**Problem details**: Without including any pictures, retype exactly the lines from the top of the records through the line containing "The first grammar", that final line included.

**Input data**:
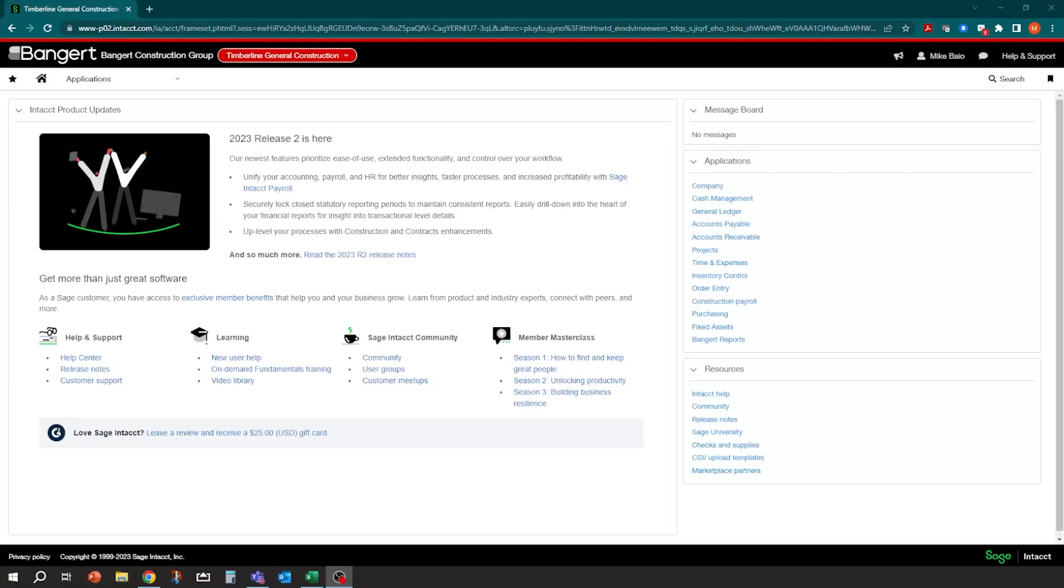Hi, this is Mike Bale with Bangert. In today's session, we're going to talk about how we can use statistical accounts to do some project cost-to-complete forecasting in Sage Intacct.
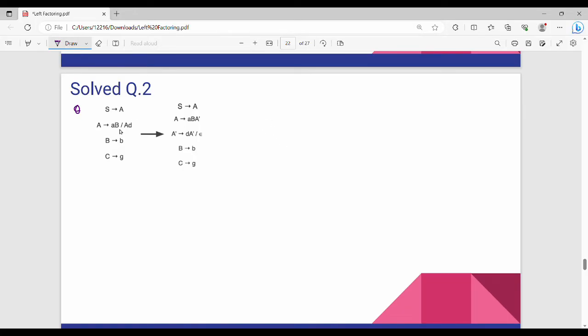The first grammar is our question. In this grammar, there is a left recursion. A gives me A, D — so here is a left recursion. I have left recursion, as I have already posted in the previous video.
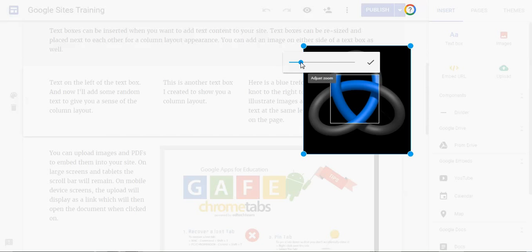What this means is that you don't have to pre-crop images that you insert into Google Sites so that they only show exactly what you want them to show. You can just take the entire image, insert it, and then adjust the zoom and the window so that it only shows the part that you want.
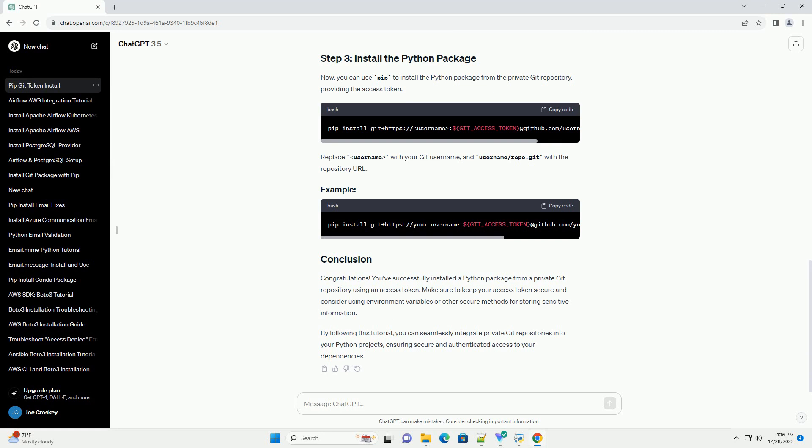Before you begin, make sure you have the following. Once you have the access token, store it securely. You can use environment variables or a configuration file for this purpose.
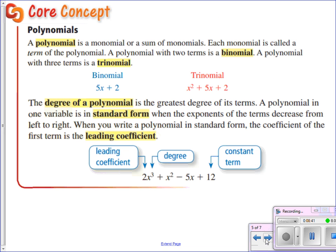Now let's extend this idea past monomials. We're looking at some prefixes. A polynomial — poly means multiple, like a polygon is a shape that has multiple sides. So a polynomial is a monomial or a sum of them — one monomial or more. Each monomial is called a term in that polynomial. A polynomial with two terms — just like a bicycle — is a binomial. A polynomial with three terms — just like a tricycle has three wheels — is a trinomial.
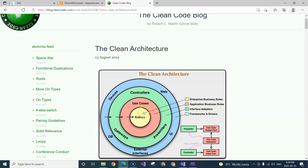The use cases layer, which is one layer above the entities, stores the application logic — logic that exists for the application. Without the application, that logic wouldn't exist. Whereas within the entity, the business logic doesn't depend on any application. Even when you run your business with pen and paper, you still have that logic.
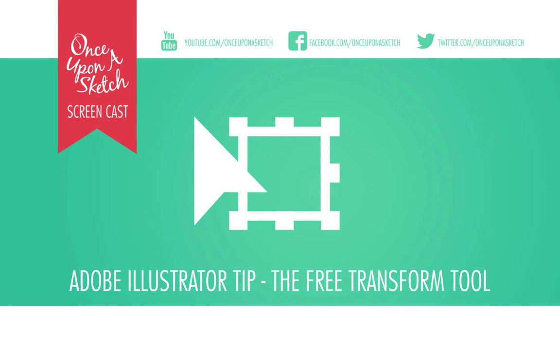My name is Norman Grok. If you'd like to find more of my work, you can check out normgrok.com or go to onceuponasketch.com for more great articles and videos like this one. Thanks for watching.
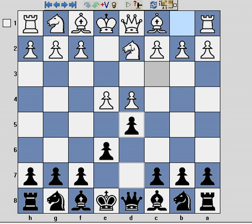It's a line called the Fort Knox variation. For those of you that are interested, the Fort Knox occurs in the Rubinstein variation — it's a sub-variation within the Rubinstein.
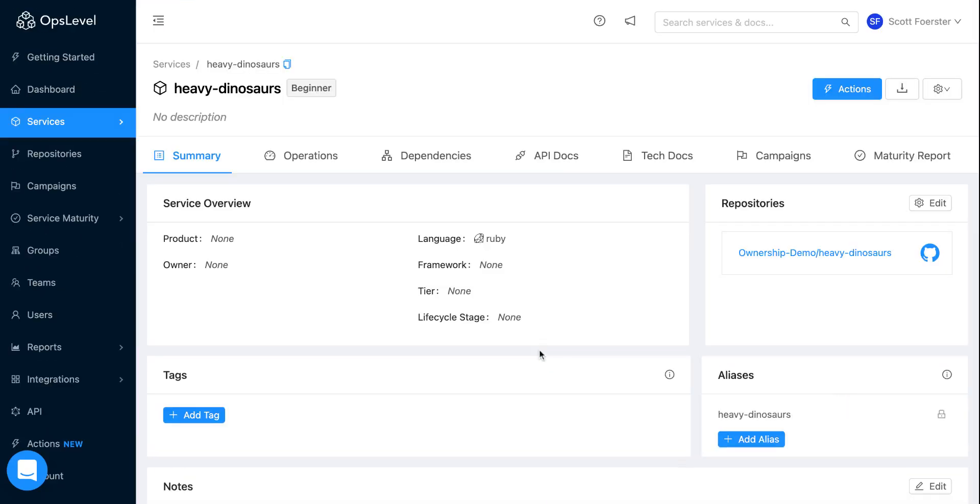And hey, we even have a recommendation as to what the language is and we're linked to the appropriate repositories. So you can imagine as a first time user of OpsLevel, and you're just trying to get your catalog bootstrapped and curated, this will be really great because the moment you start integrating your Git repositories, we'll start building this catalog for you.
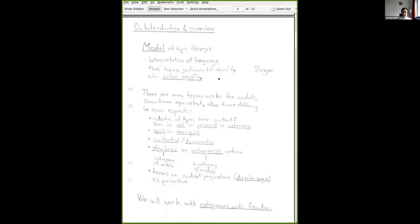For example, the rule for forming a pi type turns into an operation that takes an element of the set of types over context Γ, an element of the set of types over context Γ.A, and returns a new element of the set of types over Γ. So everything turns into sets, operations, and traditional mathematics. There are many frameworks for models — probably more than 30 — with slight variations depending on how closely you want them to correspond to the syntax Andrei introduced, and how close you want them to be to an algebraic notion, a set-level notion, or categorical notions.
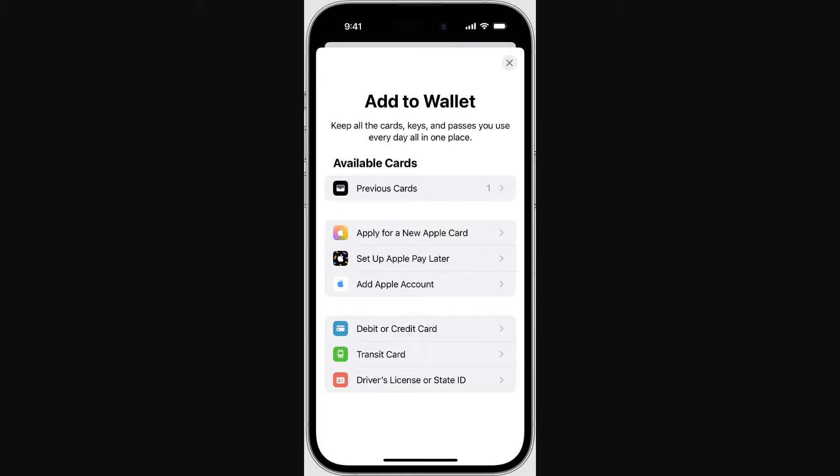Hello and welcome back to another video. Today we're going to be looking at if it's actually possible to add an Omnicard to your Apple wallet. Now this will be a very quick and simple video so make sure you watch this all the way to the end so you don't miss any important details.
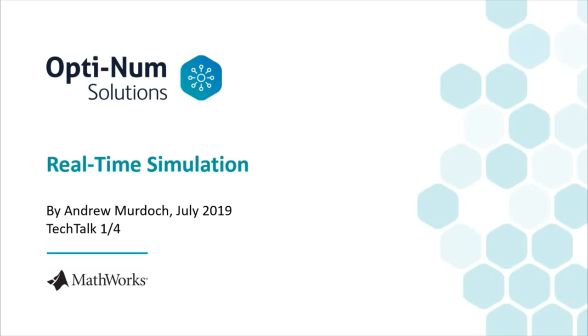Hey there, I'm Andrew. I'm a vocational training student at Optinum Solutions. This is the first video in a series of four about real-time simulation in education, in which my colleague and I will introduce basic concepts surrounding real-time simulation.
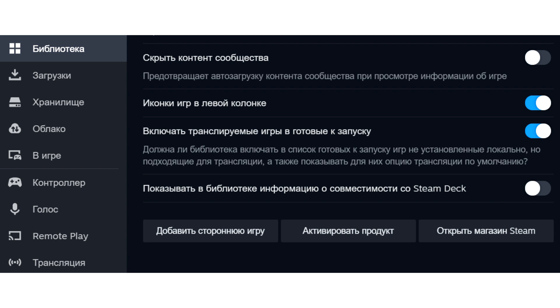In the PC version filter in the Steam library, you can see which games are compatible with the Steam Deck.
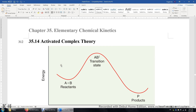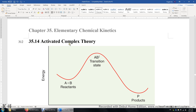Section 35.14: Activated Complex Theory. This is the potential energy surface of a chemical system involving a reaction from A plus B to product P. At first, A and B react with each other and form an activated complex with higher energy, denoted by a double dagger. At the highest energy point, it is also called the transition state. Then the A-B complex becomes the product.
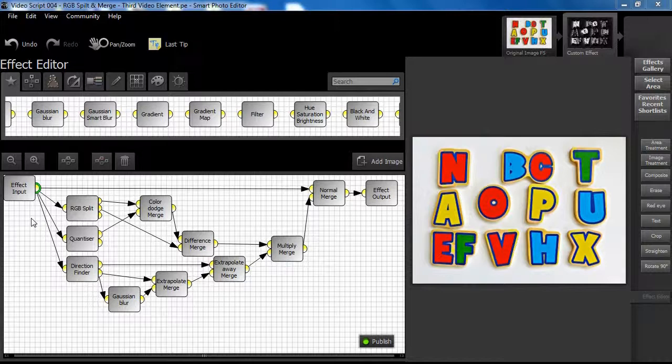Here is an explanation of the thinking used in this new effect structure, once again offered as a stimulus to your own effect designs.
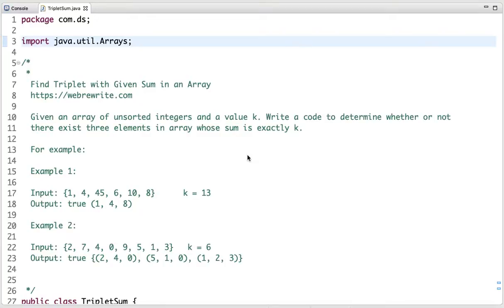In this tutorial I am going to discuss a problem to find a triplet with a given sum in an array. The problem statement is: given an array of unsorted integers and a value k, write a code to determine whether or not there exist three elements in an array whose sum is exactly k.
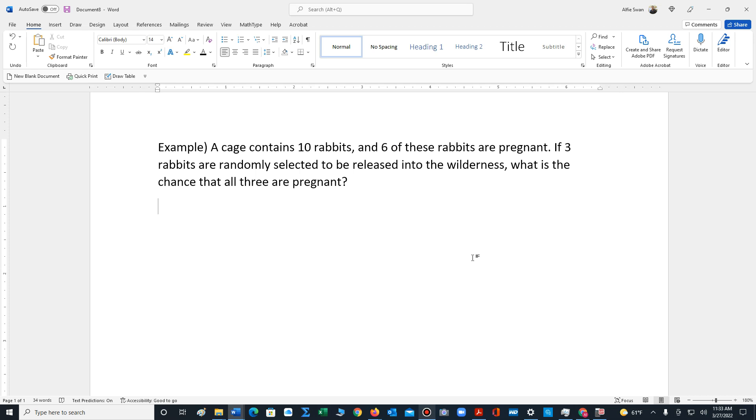Six of these rabbits are pregnant. If three rabbits are randomly selected to be released into the wilderness, what's the chance that all three are pregnant?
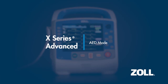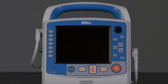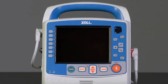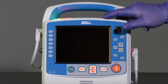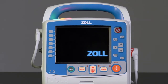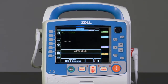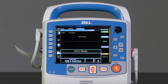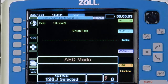AED Mode. The X-Series Advanced can be configured to startup in manual or AED mode. In AED mode, an analysis CPR protocol guides you through a cardiac event by performing ECG analysis, preparing the device for a shock if needed, and guiding you through a CPR interval.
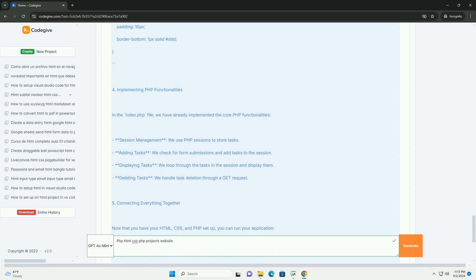By offering insights into practical applications of these technologies, the website serves as both a showcase and an educational resource, fostering a community of web development enthusiasts.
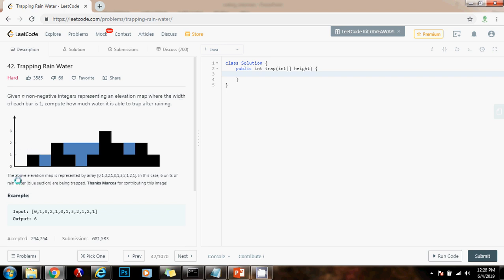So for example, they give you this elevation map — the input is an array. This array corresponds to an elevation map, so every element is an elevation. Here the elevation is 0, so you see a 0 in the array. Here the elevation is 1, so you see a 1. The black part corresponds to an elevation, and the blue part corresponds to the amount of water that it is able to trap between these two elevations. So in total, this elevation map traps 6 units of water.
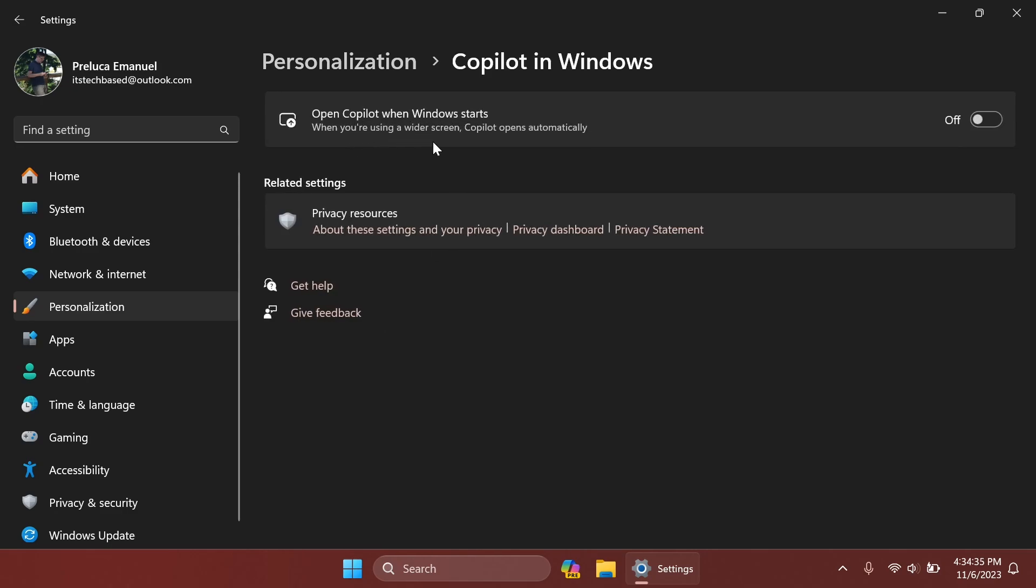When you're using a wider screen, Copilot opens automatically. You can turn this on and Windows Copilot will turn on by itself whenever you are booting up your computer and I'm sure that Microsoft will add more settings related to Copilot in the future.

**Answer space**:
Hi, this is Mike Bale with Bangert. In today's session, we're going to talk about how we can use statistical accounts to do some project cost-to-complete forecasting in Sage Intacct.
The first grammar is our question. In this grammar, there is a left recursion. A gives me A, D — so here is a left recursion. I have left recursion, as I have already posted in the previous video.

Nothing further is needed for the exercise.